Each variant carries different fields. You cannot accidentally attach a candidate_name to a ballot measure or a passage_threshold to a candidate race.

CandidateRace

The common case. A person is running for an office and received votes.

FieldTypeDescription
resultsVec<CandidateResult>One entry per candidate in the contest

Each CandidateResult contains:

FieldTypeDescription
candidate_nameCandidateNameDecomposed name (raw, first, middle, last, suffix, nickname, canonical_first)
partyPartyRaw string + normalized enum
votes_totalu64Total votes received
vote_shareOption<f64>Percentage of total contest votes
vote_counts_by_typeVoteCountsByTypeBreakdown: election_day, early, absentee_mail, provisional

Examples of CandidateRace contests:

  • US SENATE — federal
  • GOVERNOR — state
  • COLUMBUS COUNTY SCHOOLS BOARD OF EDUCATION DISTRICT 02 — local
  • SHERIFF — county

BallotMeasure

Voters choose between options (typically “For”/“Against” or “Yes”/“No”) on a proposition, bond, amendment, or referendum.

FieldTypeDescription
choicesVec<BallotChoice>One entry per option
measure_typeBallotMeasureTypeBond, amendment, referendum, etc.
passage_thresholdOption<f64>Required vote share for passage (e.g., 0.60 for a bond requiring 60%)

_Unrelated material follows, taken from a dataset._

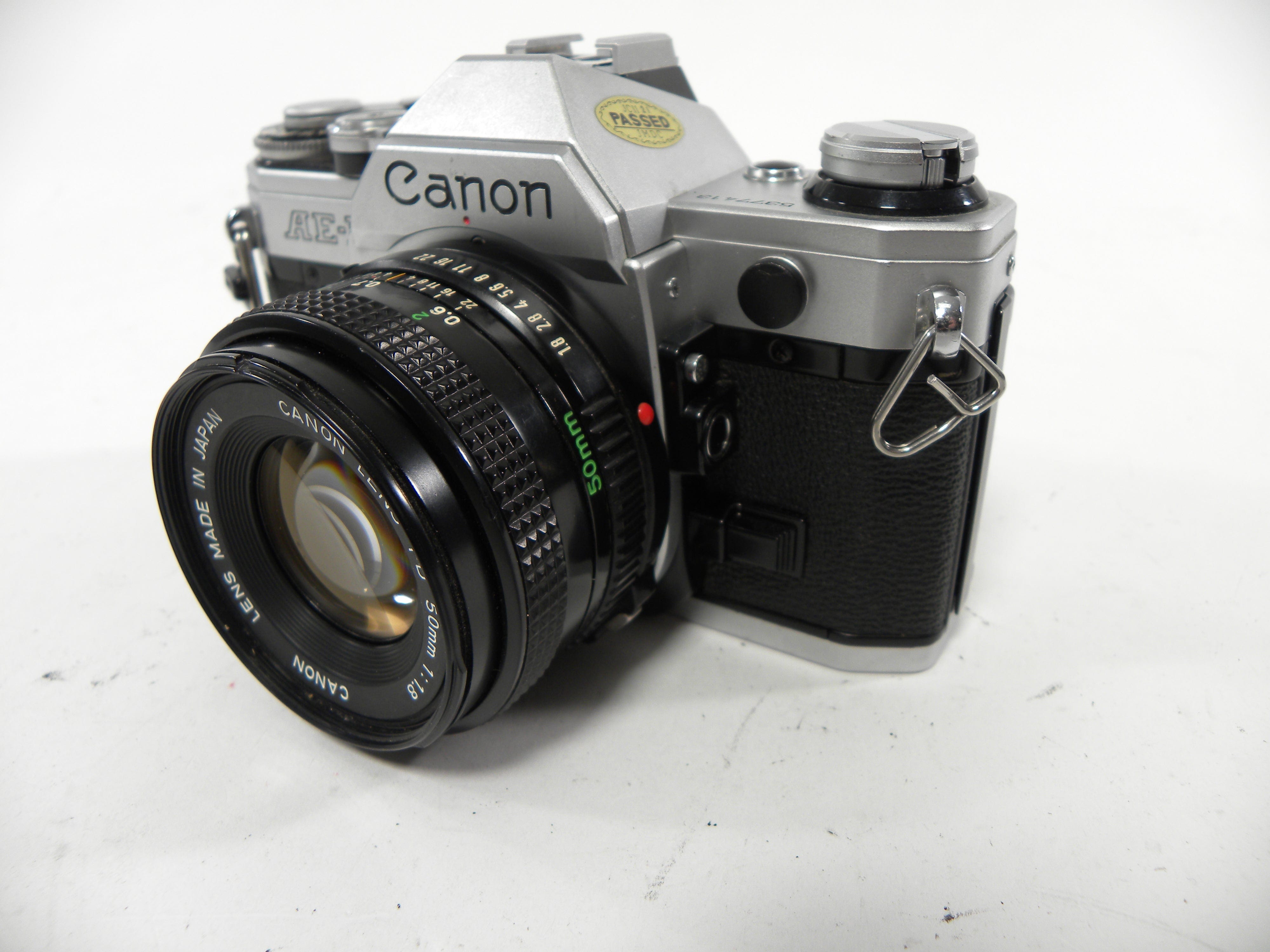 Canon AE-1 35mm SLR w/FD 50mm f1.8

Each BallotChoice contains:

FieldTypeDescription
choice_textString“For”, “Against”, “Yes”, “No”, or other option text
votes_totalu64Votes for this choice
vote_shareOption<f64>Percentage of total votes

The BallotMeasureType enum: Bond, ConstitutionalAmendment, Referendum, Initiative, Recall, Retention, Levy, Advisory, Other.

Why this prevents name confusion

Without the BallotMeasure variant, the L1 parser would treat “For” and “Against” as candidate names. They would flow into entity resolution at L3, where the system would try to find other elections where “For” ran for office. By assigning ballot measures to their own variant at parse time, the choice_text field is never passed to the name decomposition or embedding logic.

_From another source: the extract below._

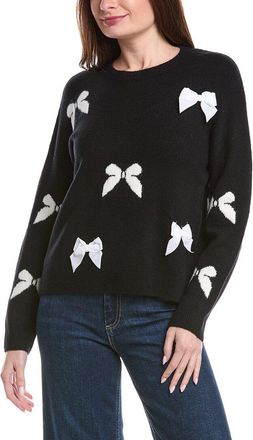 CeCe by Cynthia Steffe Bow Applique Sweater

Detection at L1 uses two signals:

  • The contest name contains keywords: “bond”, “amendment”, “referendum”, “proposition”, “measure”, “levy”, “question”.
  • The choice values are in the set {“For”, “Against”, “Yes”, “No”, “Bonds”, “No Bonds”}.

TurnoutMetadata

Not a contest at all. These rows carry precinct-level registration and turnout counts that sources embed in the results file as pseudo-contests.

FieldTypeDescription
registered_votersOption<u64>Registered voter count for this precinct
ballots_castOption<u64>Total ballots cast in this precinct

Source examples that produce TurnoutMetadata records:

Sourceoffice / Contest Name valuecandidate / Choice value
MEDSLREGISTERED VOTERSREGISTERED VOTERS
MEDSLBALLOTS CAST - TOTALBALLOTS CAST
NC SBERegistered Voters - Total(numeric total in vote column)
OpenElections FLRegistered Voters(numeric total)

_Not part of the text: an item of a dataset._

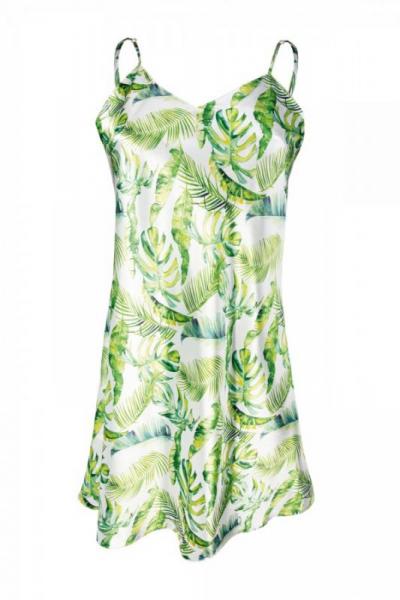 DKaren Flowers DK-HK ночная рубашка тропический принт зеленый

Detection at L1: the contest name matches a known set of turnout keywords (REGISTERED VOTERS, BALLOTS CAST, BALLOTS CAST - TOTAL, BALLOTS CAST - BLANK). When detected, the vote count is extracted into registered_voters or ballots_cast, and the record is tagged as TurnoutMetadata rather than CandidateRace.

These extracted turnout values backfill the turnout section of other records in the same precinct. Currently, turnout data is populated for less than 5% of records because most MEDSL state files do not include registration count rows.

Classification at L1

Contest kind assignment happens during L1 parsing — the deterministic layer. No ML, no embeddings, no API calls. The decision tree:

  1. Does the contest name match a turnout keyword? → TurnoutMetadata
  2. Do the choice values match ballot measure patterns (“For”/“Against”/“Yes”/“No”)? → BallotMeasure
  3. Does the contest name contain ballot measure keywords? → BallotMeasure
  4. Otherwise → CandidateRace

This classification is stored in the record and carried through all subsequent layers. L2 embeds only CandidateRace records for entity resolution. L3 matches only CandidateRace records. BallotMeasure and TurnoutMetadata records pass through L2–L4 without modification beyond provenance tracking.